Não me pergunte ao certo por que ele escolheu Ystad como cenário das suas tramas. Há um toque melancólico nas obras, que dizem ressoar bem das ruas quietas e do mar frio diante da cidade, mas deve haver outras razões. Sei que o Centro de Informações Turísticas da cidade oferece Wallander Tours aos fãs da obra interessados em seguir os passos do detetive.
Eu ainda não li, embora tenha recebido um de presente — com dedicatória e tudo — anos atrás de uma amiga espanhola que achou esses livros bons para pegar o jeito do inglês.

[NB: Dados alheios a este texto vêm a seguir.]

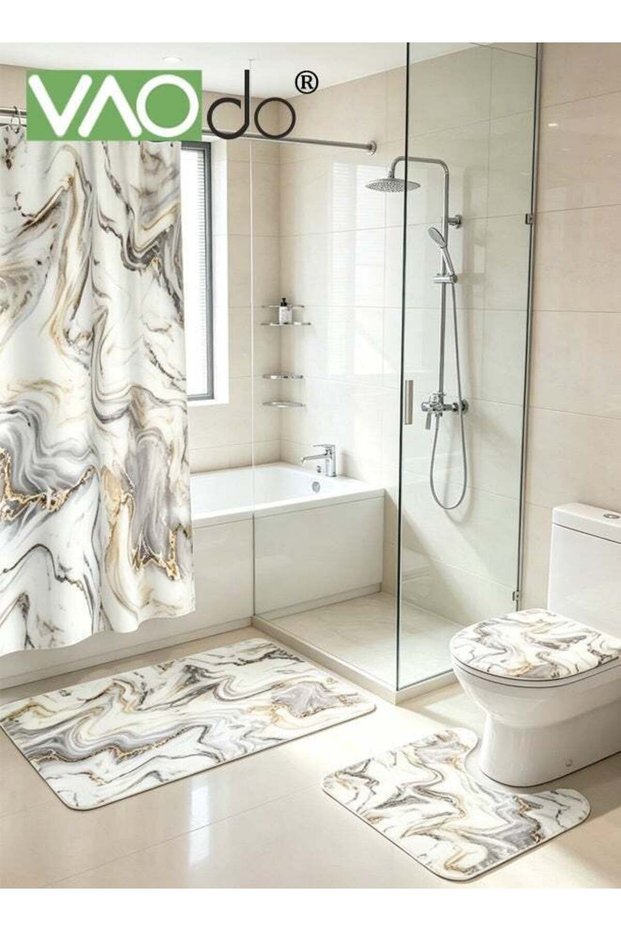 4PCS Waterproof Shower Curtain Set, Polyester Marble Pattern Thickened Shower Curtain Set, Includes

Tomei um bom café para combater o frio, como o fazem os suecos, comi algo e seguir a circular por estas ruas. Mesmo quem (ainda) não leu as obras, como eu próprio, vai admirar-se da arquitetura singela e tradicional nesta cidadezinha. Aos interessados, há também história dos primeiros passos do cristianismo nesta região.

Notem esse estilo vertical com arestas retas, típico também em Hamburgo (Alemanha), Gdansk (Polônia), e mesmo Amsterdã (Holanda).
É que Ystad no século XIII veio a integrar a famosa Liga Hanseática de cidades que faziam comércio pelos Mares Báltico e do Norte. O principal produto daqui era o arenque, peixe, herring em inglês e por isso símbolo daquela marca de roupa que muita gente no Brasil veste sem perceber.
Estávamos aqui, àquela época, no Reino da Dinamarca, já cristão desde o rei Harald Bluetooth se converter em 985. Começaram então a ceder terras à Igreja para que viessem ordens monásticas para cá. Assim viriam os franciscanos pra cá Ystad, e assim se faria também no século XIII a Igreja de Nossa Senhora que ainda permanece na cidade.
Só em 1658 é que estas terras — Ystad e toda a Scania — passariam a integrar a Suécia.

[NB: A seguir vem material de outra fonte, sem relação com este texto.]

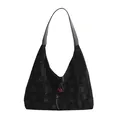 Vintage Achseltasche aus schwarzem Samt mit floralem Muster und rotem Perlendetail - Schwarz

Muita gente no Brasil não compreende isso, por ser distante da nossa realidade, mas por séculos nos países europeus era proibido ter outra religião que não a religião de estado. Cuius regio, eius religio era o mote a partir de 1530, após a Reforma Protestante, indicando que cada país seguisse a religião pessoal do respectivo rei.
Na Suécia, isso significou que se fundou uma Igreja (Protestante) da Suécia, nos moldes do Anglicanismo, e todas as igrejas católicas foram portanto convertidas — como o são até hoje.

Hoje, Ystad é lugar pacato — ou misterioso, se você for leitor de Henning Mankell — que guarda evidências desses séculos que se passaram e ruas singelas onde andar. Estejam apresentados.



Lindinha a cidade.Fofa, aconchegante. Parece de brinquedo. Amei essa arquitetura tanto no casario como nos templos. Gostei das suas ruelinhas fofas com casinhas coloridas. Uma gracinha.
Achei curioso que as igrejas protestantes tenham tantas imagens e se pareçam tanto com as católicas daqui do Brasil. Os protestantes daqui abominam as imagens. Fiquei surpresa com essa realidade dai. Dá a impressão que são Católicas. Interessante.
Gostei da região e da cidadezinha. Obrigada pela bela postagem.